KATA
PENGANTAR
Puji syukur kami panjatkan kehadirat
Tuhan Yang Maha Esa, sehingga kami dapat menyelesaikan tugas makalah mengenai “
Tanggung Jawab Orang Tua Bagi Keluarga ”
Dalam penyusunan makalah ini, tidak
sedikit hambatan yang kami hadapi. Namun, kami menyadari bahwa kelancaran dalam
penyusunan makalah ini tidak lain berkat bantuan, dorongan dan bimbingan dari
dosen dan teman-teman sekalian.
Semoga makalah ini dapat bermanfaat dan
menjadi sumbangan pemikiran bagi pihak yang membutuhkan, khususnya bagi kami
sehingga tujuan yang diharapkan dapat tercapai. Apabila banyak kekurangan dari
makalah ini harap dimaklumi, karena kami masih dalam tahap pembelajaran.
BAB I
PENDAHULUAN
A. Latar Belakang
. Keluarga merupakan anugerah yang di
berikan oleh allah terhadap kita. Dan oleh sebab itu, kita di berikan tanggung
jawab terhadap keluarga terutama dalam hal pendidikan. Hal itu terbukti dengan
adanya banyak hadits dan ayat al-Qur’an yang menunjukkan tentang pendidikan.

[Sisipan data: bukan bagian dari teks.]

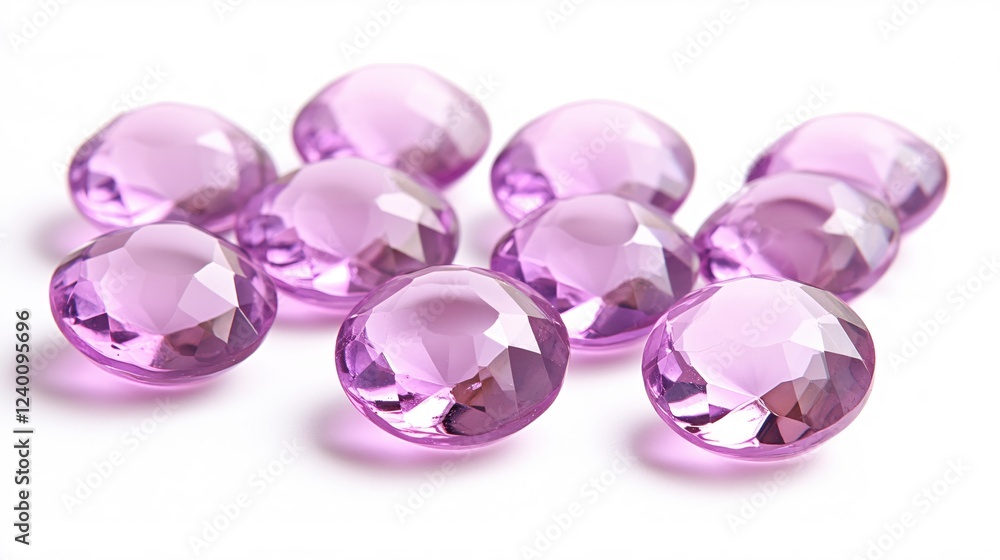 Poster elegant arrangement of faceted purple gems on a clean white background creating a soft light
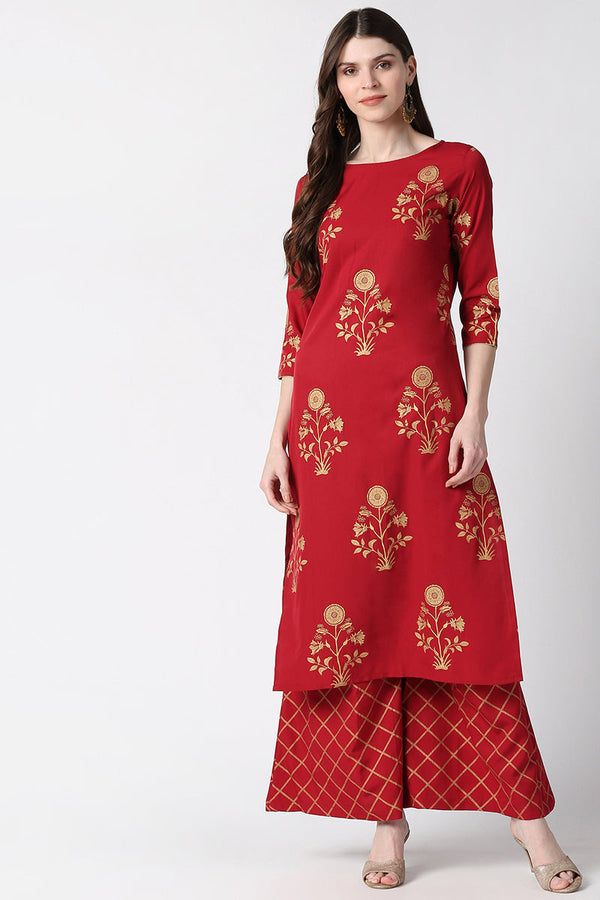 Red Polyester Floral Foil Printed Kurta Set  | WomensfashionFun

Pendidikan Islam merupakan pendidikan yang bersumber dari al-Qur’an dan
al-Hadits sebagai sumber utama agama Islam.
Pendidikan Islam merupakan
pendidikan yang digunakan untuk membina manusia dari kecil sampai mati. Karena
pendidikan Islam merupakan pendidikan seumur hidup, maka perlu dibedakan antara
pendidikan orang dewasa dan pendidikan anak-anak. Pendidikan Islam merupakan
pendidikan yang memperhatikan perkembangan jiwa anak. Oleh karena itu, Akhyak
mengatakan dalam bukunya, pendidikan yang tidak berorientasi pada perkembangan
kejiwaan akan mendapatkan hasil yang tidak maksimal, bahkan bisa membawa kepada
kefatalan anak, karena anak tumbuh dan berkembang sesuai dengan irama dan ritme
perkembangan kejiwaan anak. Masing-masing periode perkembangan anak memiliki
tugas-tugas perkembangan yang harus dipenuhi anak secara baik tanpa ada
hambatan.
Statemen di atas, mengisyaratkan
bahwa sebenarnya orang tua mempunyai tanggung jawab yang sangat besar terhadap keluarga,
yaitu terhasap pendidikan anaknya. Dan keluarga yang merupakan lembaga
pendidikan yang pertama dan utama tersebut, wajib memberikan pendidikan agama
Islam dan menjaga anaknya dari api neraka. Maka dari itu, penulis akan
menguraikan lebih lengkap mengenai tanggung jawab orang tua terhadap pendidikan
anaknya yang ditinjau dari al-Qur’an dan hadits dalam tulisan berikut ini.
B. Rumusan
Masalah
1. Apa dalil Al-
Qur’an&Hadist mengenai tanggung jawab orang tua terhadap keluarga ?
2. Bagaimanakah
ajaran Rasulullah tentang tanggung jawab orang tua bagi keluarganya ?
3. Apakah
kewajiban bagi semua anggota keluarga ?
BAB II
PEMBAHASAN
A. Pengertian
Keluarga adalah unit terkecil dari masyarakat yang terdiri
atas kepala keluarga dan beberapa orang yang terkumpul dan tinggal di suatu
tempat di bawah suatu atap dalam keadaan saling ketergantungan
B. Peranan
Ayah sebagai suami dari istri dan anak-anak, berperan sebagai pencari
nafkah, pendidik, pelindung dan pemberi rasa aman, sebagai kepala keluarga, sebagai anggota dari
kelompok sosialnya serta sebagai anggota dari kelompok sosialnya serta sebagai
anggota masyarakat dari lingkungannya. Sebagai istri dan ibu dari anak-anaknya,
ibu mempunyai peranan untuk mengurus rumah tangga, sebagai pengasuh dan
pendidik anak-anaknya, pelindung dan sebagai salah satu kelompok dari peranan
sosialnya serta sebagai anggota masyarakat dari lingkungannya, disamping itu
juga ibu dapat berperan sebagai pencari nafkah tambahan dalam
keluarganya.Anak-anak melaksanakan peranan psikosial sesuai dengan tingkat
perkembangannya baik fisik, mental, sosial, dan spiritual.
C. Tugas
Pada dasarnya tugas keluarga ada delapan tugas pokok sebagai
berikut:
- Pemeliharaan
fisik keluarga dan para anggotanya.
- Pemeliharaan
sumber-sumber daya yang ada dalam keluarga.
- Pembagian
tugas masing-masing anggotanya sesuai dengan kedudukannya masing-masing.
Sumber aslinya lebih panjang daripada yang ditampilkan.